**Work to complete:** Copy the data exactly from the line that contains "One Piece Anime" through the line that contains "Football/Soccer Session Plan", keeping both end lines and leaving out everything else.
-------- Extracted records --------
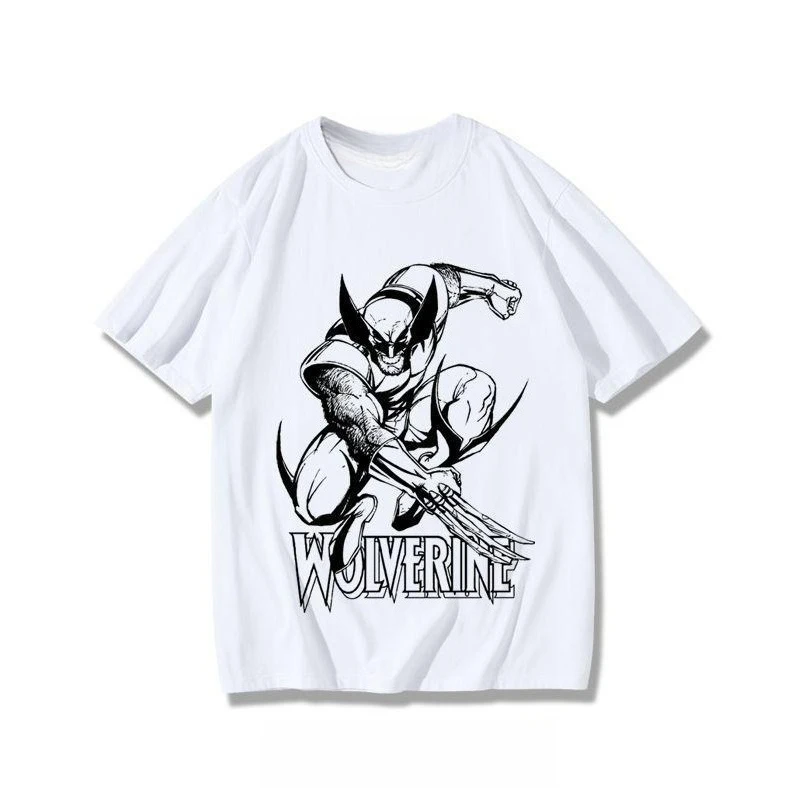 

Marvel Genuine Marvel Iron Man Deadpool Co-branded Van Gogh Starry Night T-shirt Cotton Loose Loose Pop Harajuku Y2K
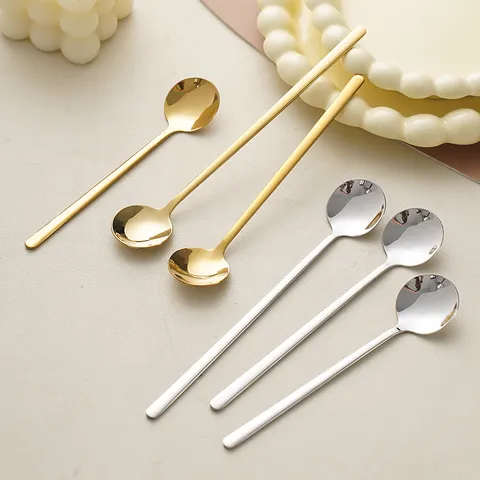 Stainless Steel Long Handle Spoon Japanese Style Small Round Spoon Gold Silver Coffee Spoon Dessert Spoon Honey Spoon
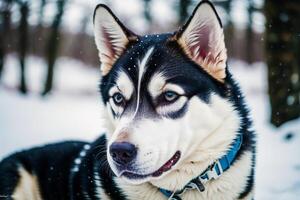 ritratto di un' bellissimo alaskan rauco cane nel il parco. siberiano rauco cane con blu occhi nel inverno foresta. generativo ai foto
--------
-------- Extracted records --------
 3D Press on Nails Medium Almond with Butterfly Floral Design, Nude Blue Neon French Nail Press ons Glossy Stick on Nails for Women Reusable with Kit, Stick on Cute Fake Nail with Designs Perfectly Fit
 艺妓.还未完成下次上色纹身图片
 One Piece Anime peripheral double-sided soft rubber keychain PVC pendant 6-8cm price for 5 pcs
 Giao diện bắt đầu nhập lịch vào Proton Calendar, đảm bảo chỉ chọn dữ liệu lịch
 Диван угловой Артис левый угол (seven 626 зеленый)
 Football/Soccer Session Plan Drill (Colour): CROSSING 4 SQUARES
--------
**Response area:**
 One Piece Anime peripheral double-sided soft rubber keychain PVC pendant 6-8cm price for 5 pcs
 Giao diện bắt đầu nhập lịch vào Proton Calendar, đảm bảo chỉ chọn dữ liệu lịch
 Диван угловой Артис левый угол (seven 626 зеленый)
 Football/Soccer Session Plan Drill (Colour): CROSSING 4 SQUARES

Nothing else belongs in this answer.